Plus globalement, le rapport de MM. Carrez et Thénault identifie deux lacunes principales qui obèrent le dialogue entre l'État et les collectivités territoriales. La première porte sur la dispersion : en effet, le dialogue est structuré sur des thématiques précises, telles que les normes règlementaires imposées aux collectivités ou la compensation des transferts de compétences. Il n'existe pas, entre la CNE et les instances dérivées du CFL, d'instance intermédiaire de dialogue sur les politiques publiques, que ces dernières soient décentralisées ou partagées entre l'État et les collectivités. Ainsi, les relations continuent de s'entretenir, de façon verticale, entre les ministères et les associations nationales d'élus, pour chaque niveau de collectivités territoriales.

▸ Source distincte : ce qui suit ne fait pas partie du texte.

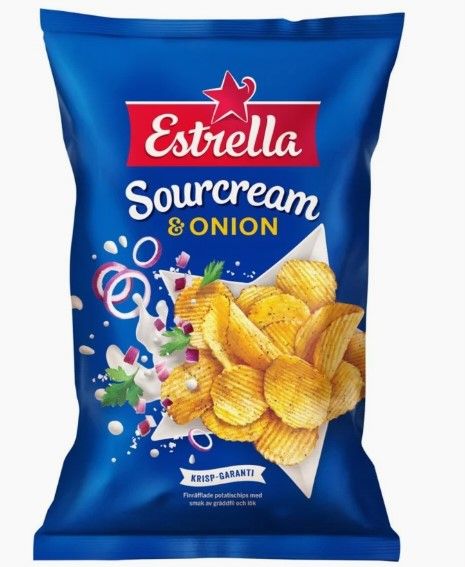 Sour Cream &amp; Onion 40 g, Estrella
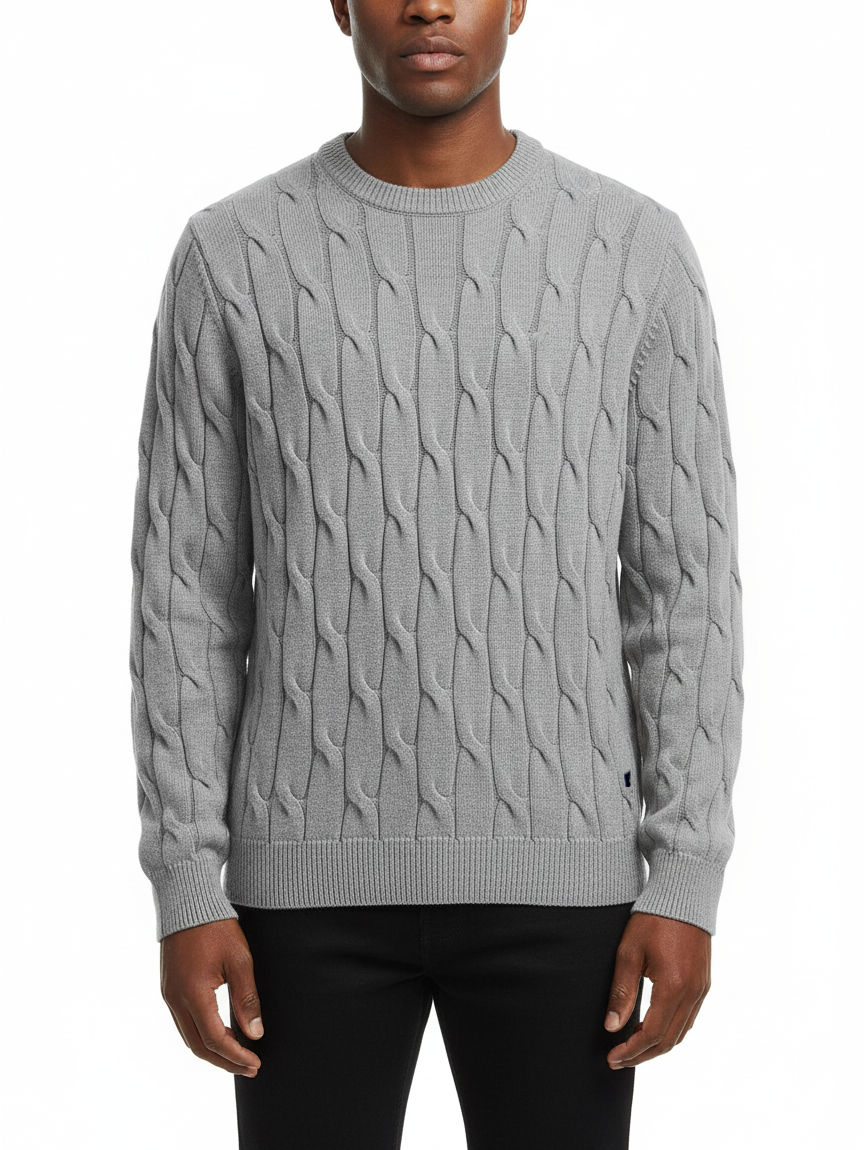 Polo Mens Long Sleeves Cable Crew Knitwear Grey
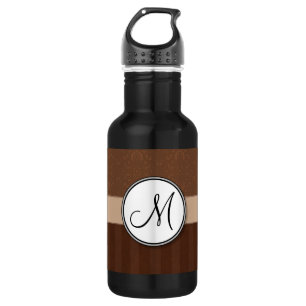 Leather Brown Damask met Stripes en Monogram Waterfles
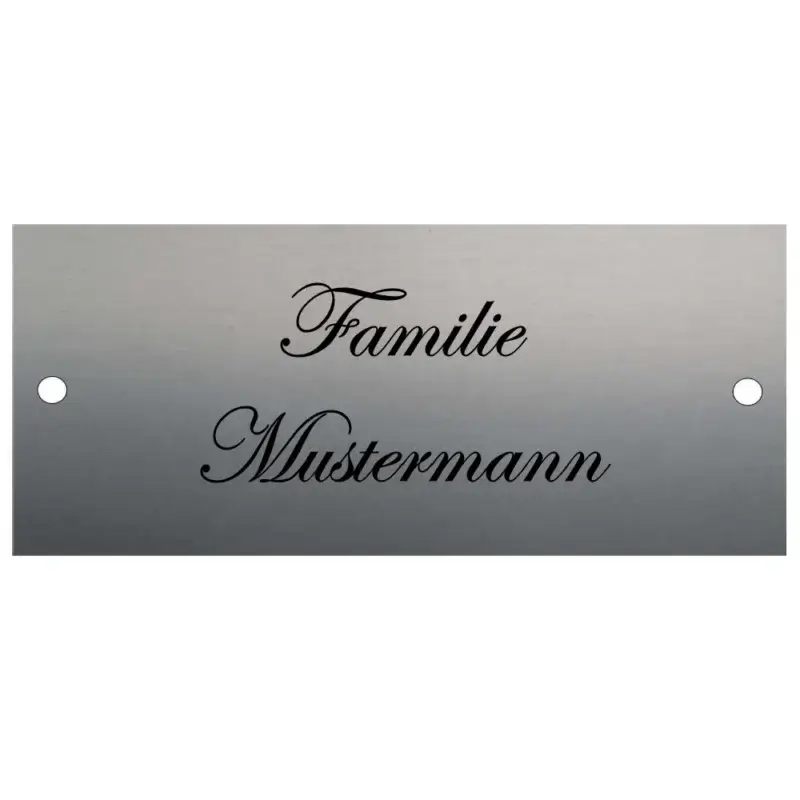 Namensschild für den Briefkasten selbstklebend aus Edelstahl Maße: 140x60 mm 4 Bohrungen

Ce constat s'apparente à une difficulté pour le ministère de l'Intérieur et la DGCL. C'est pourquoi le rapport de MM. Carrez et Thénault propose la mise en place d'un secrétariat permanent de la CNE, proposition sur laquelle il serait souhaitable que la Délégation aux collectivités territoriales et à la décentralisation du Sénat fasse connaître sa position.
La deuxième lacune, également pointée par le rapport de MM. Carrez et Thénault, porte sur l'absence de connaissance partagée des politiques décentralisées entre l'État et les collectivités territoriales. L'appareil statistique de l'État est dispersé entre les différents ministères. Par exemple, c'est la Direction de la recherche, des études, de l'évaluation et des statistiques (DREES), direction de l'administration centrale des ministères sanitaires et sociaux, qui dispose de l'ensemble des données statistiques relatives à l'allocation personnalisée d'autonomie, et non la DGCL. Or, cette connaissance partagée des politiques décentralisées est une des conditions indispensable pour réussir un dialogue apaisé entre l'État et les collectivités territoriales.

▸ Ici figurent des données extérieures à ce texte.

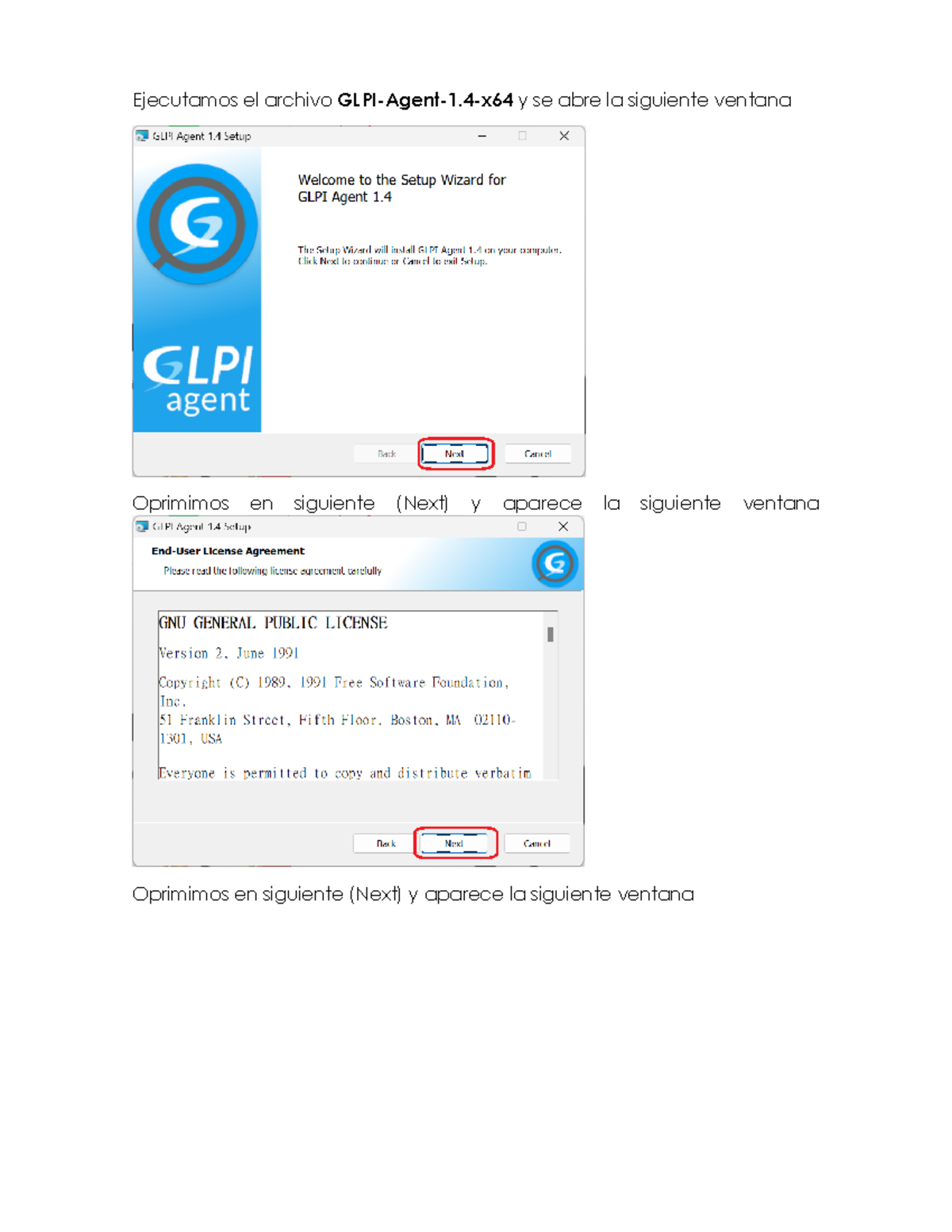 Instructivo Instalacion Agente GLPI - Ejecutamos el archivo GLPI-Agent ...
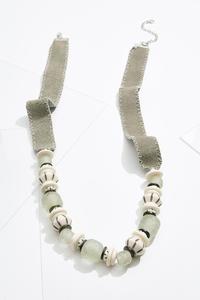 Beaded Suede Cord Necklace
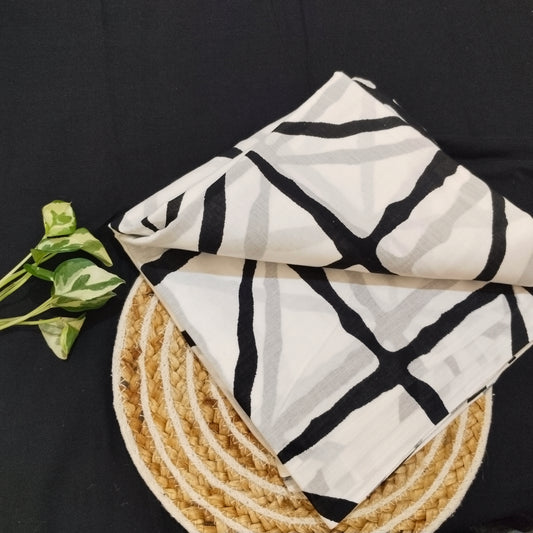 Bagru print Cotton Saree With Un stitched Blouse Piece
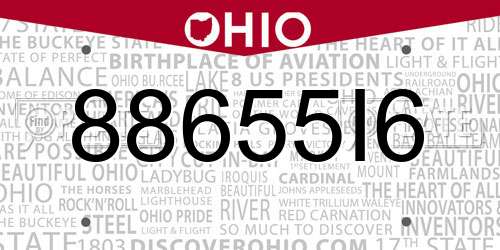 88655I6 Ohio License Plate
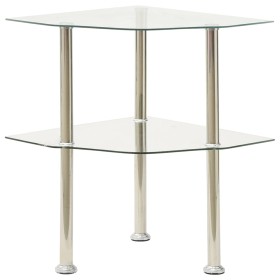 Computer side table with transparent glass, 38x38x50 cm. by vidaXL, Side tables - Ref: Foro24-322793, Price: 32,99 €, Discoun...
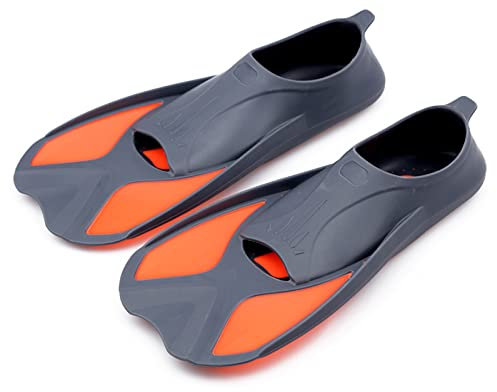 KKPLZZ 1 Paar -Schwimmtrainingsflossen, Schwimmflossen, Lernschwimmausrüstung Jungen und Mädchen (Grau und Orange)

Dès lors, se pose la question du rôle que pourraient jouer les différents acteurs. Comme je l'ai mentionné, la CNE pourrait se doter d'un secrétariat permanent et il serait utile que la Délégation se prononce sur cette question. En effet, le rôle du Parlement est essentiel sur cette question, d'autant plus qu'il appartient à la loi de définir les modalités de la libre administration des collectivités territoriales et de leurs ressources, conformément aux dispositions de l'article 34 de la Constitution. Dans un État unitaire comme le nôtre, avec une hiérarchie des normes, il revient au législateur de définir qui fait quoi.
S'agissant de la Cour des comptes, l'article 47-2 de la Constitution dispose qu'elle assiste le Gouvernement et le Parlement dans l'évaluation des politiques publiques. Sa mission ne se restreint donc pas aux seules politiques conduites par l'État, mais à l'ensemble de la sphère publique. Cette question, évoquée dans le rapport de M. Jean-Luc Warsmann, président de la commission des lois de l'Assemblée nationale, sur le projet de loi portant réforme des juridictions financières, est délicate. Mais tous les acteurs publics, et notamment l'État et les collectivités territoriales, gagneraient à bénéficier d'une analyse qui permette l'évaluation des politiques publiques, et non plus seulement le contrôle de celles-ci.